Casi todos los días hago un transbordo para bajar de la línea circular de metro de Madrid y coger una línea de RENFE que me lleve hasta la universidad. Son, arriba-abajo, tres minutos llenos de automatismos casi subconscientes. Me coloco en la puerta más cercana a la salida, cojo la escalera mecánica por el lado izquierdo, sorteo gente andando, giro a la derecha, luego giro a la izquierda hacia un pasillo.
Normalmente, cuando avanzo por el corredor, siento algo que me saca del ensimismamiento y de ser una parte amorfa de la masa. Es un hombre alto y de pelo cano, espigado que parece luchar contra la despersonalización de la gran ciudad con un arma casi infalible: un violín.

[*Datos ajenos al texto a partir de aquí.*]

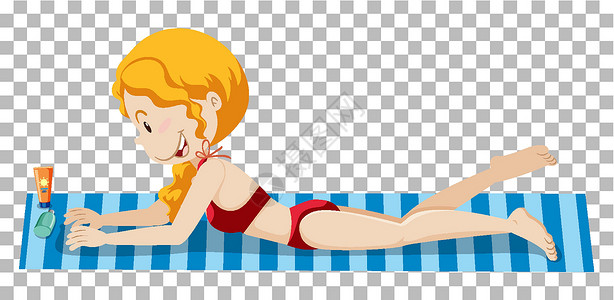 女孩在晒日光浴在沙滩垫上晒日光浴的女孩乐趣女性活动娱乐旅行天气快乐享受孩子床垫设计图片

Casi todas las mañanas es la ‘Primavera’ de Vivaldi o el ‘Canon’ de Pachelbel, tocadas con un ritmo alegre y vivo. A veces pienso que el violinista del metro se ríe de nosotros: él ahí, de pie y sin moverse; nosotros con la prisa de que no se nos escape ese tren y tratando de arañar cinco minutos a un trayecto de una hora. Parece como si pusiera banda sonora y algún cineasta macabro estuviera documentando para la posteridad nuestro comportamiento de rebaño y quisiera hacerlo bello, aun entre bufidos, pisotones, tropezones, carreras, saltos, requiebros y tornos pitan miles de veces a la hora.
Y al verlo me pregunto si no serán inútiles tantas prisas cuando al final, pasando y pasando, siempre está él ahí sin necesidad de moverse.